### Task directions
For this exercise, write out only the lines of the entries below from the one with "Chevrolet Trax 13 of 19" up to and including the one with "Maison R�dange (57390)", exactly as they are. Pictures stay out.

### Record extracts

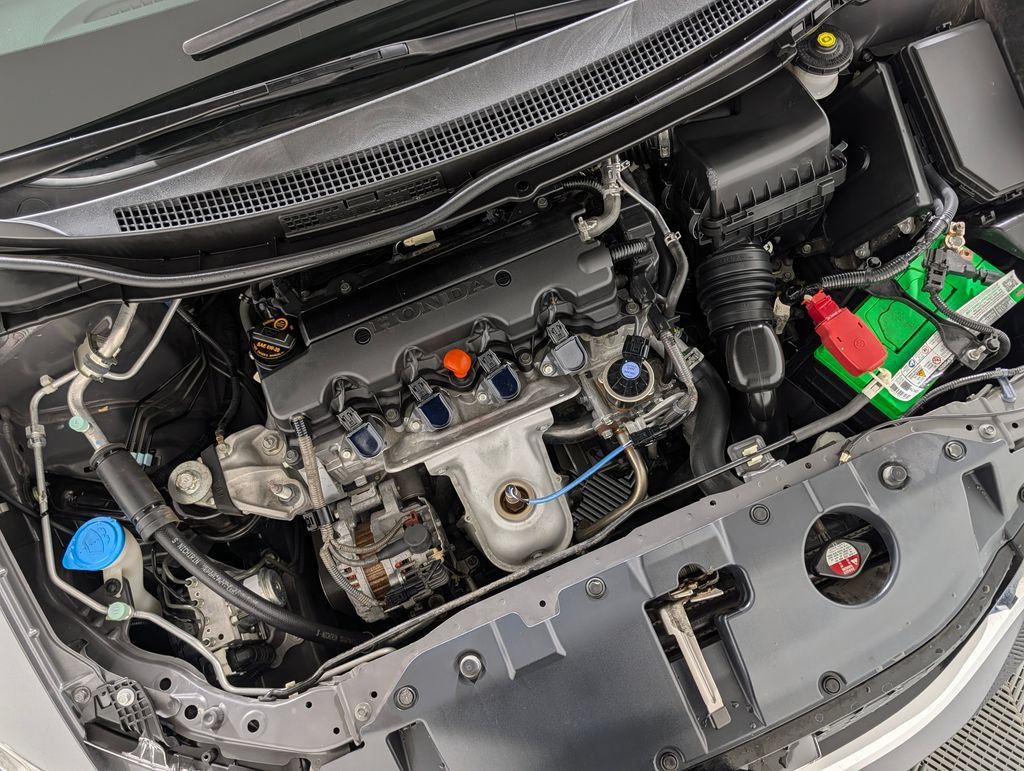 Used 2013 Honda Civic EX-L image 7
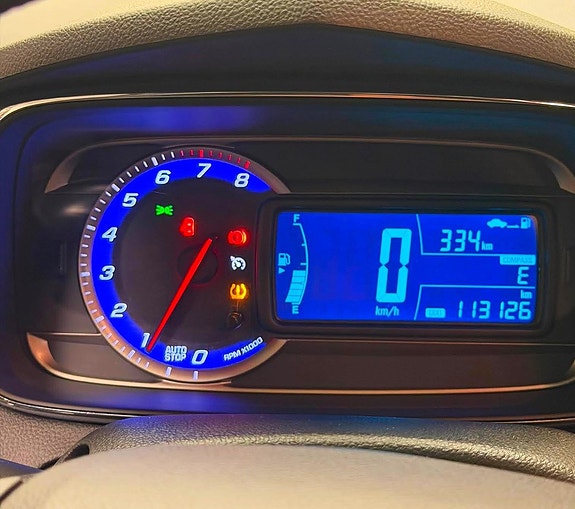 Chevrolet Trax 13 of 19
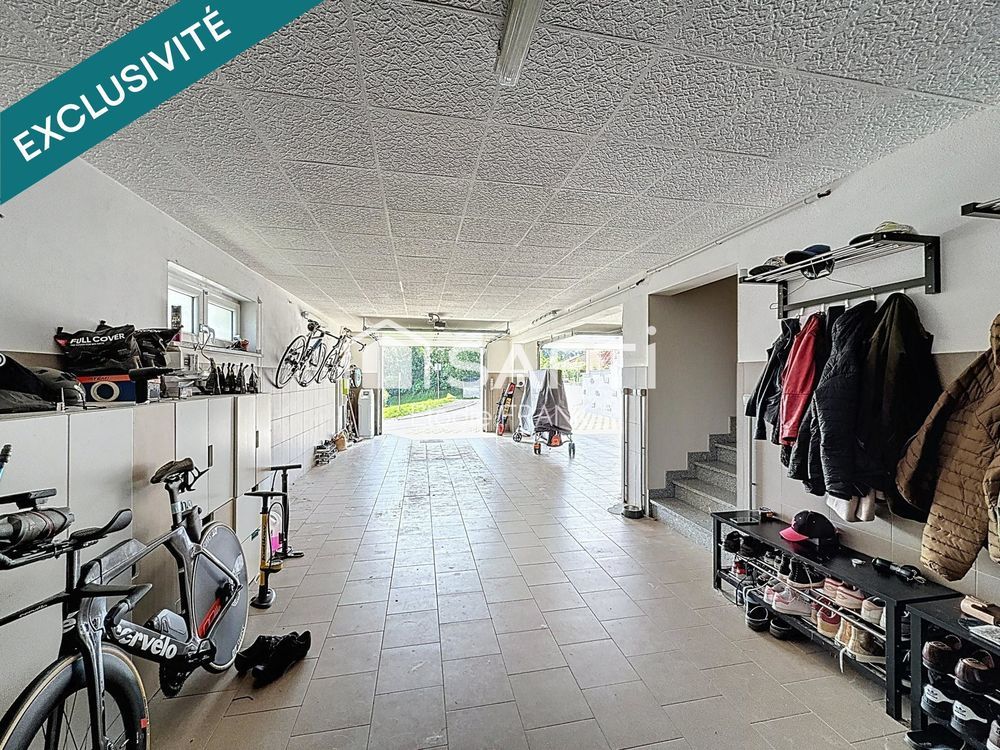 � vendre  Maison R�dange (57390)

==

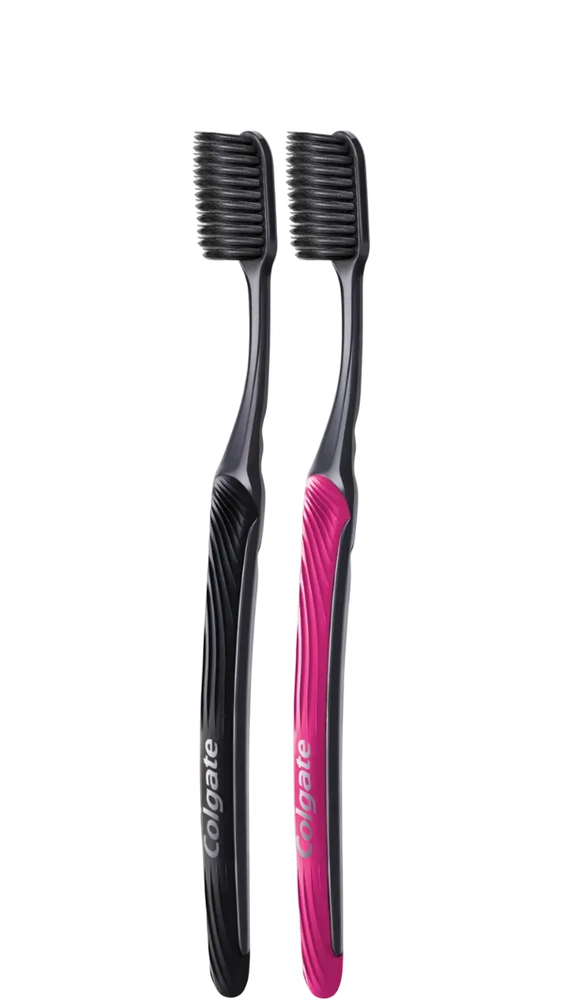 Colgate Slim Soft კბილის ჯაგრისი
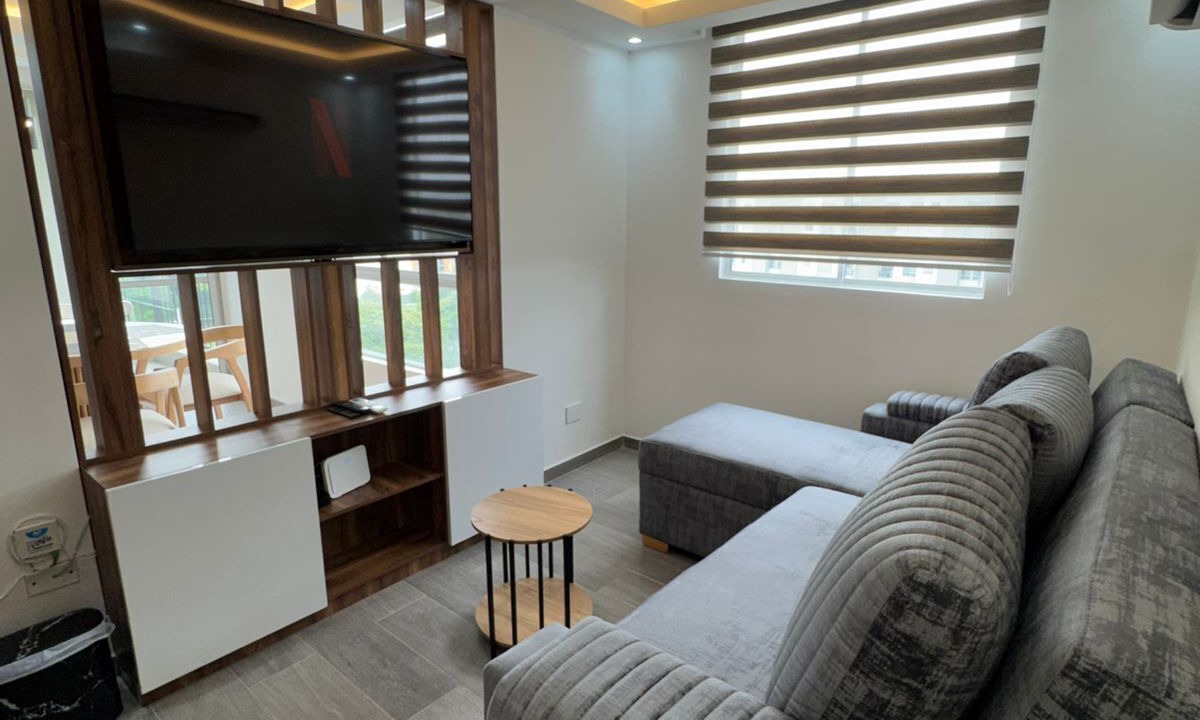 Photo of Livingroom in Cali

### Solution to this task
 Chevrolet Trax 13 of 19
 � vendre  Maison R�dange (57390)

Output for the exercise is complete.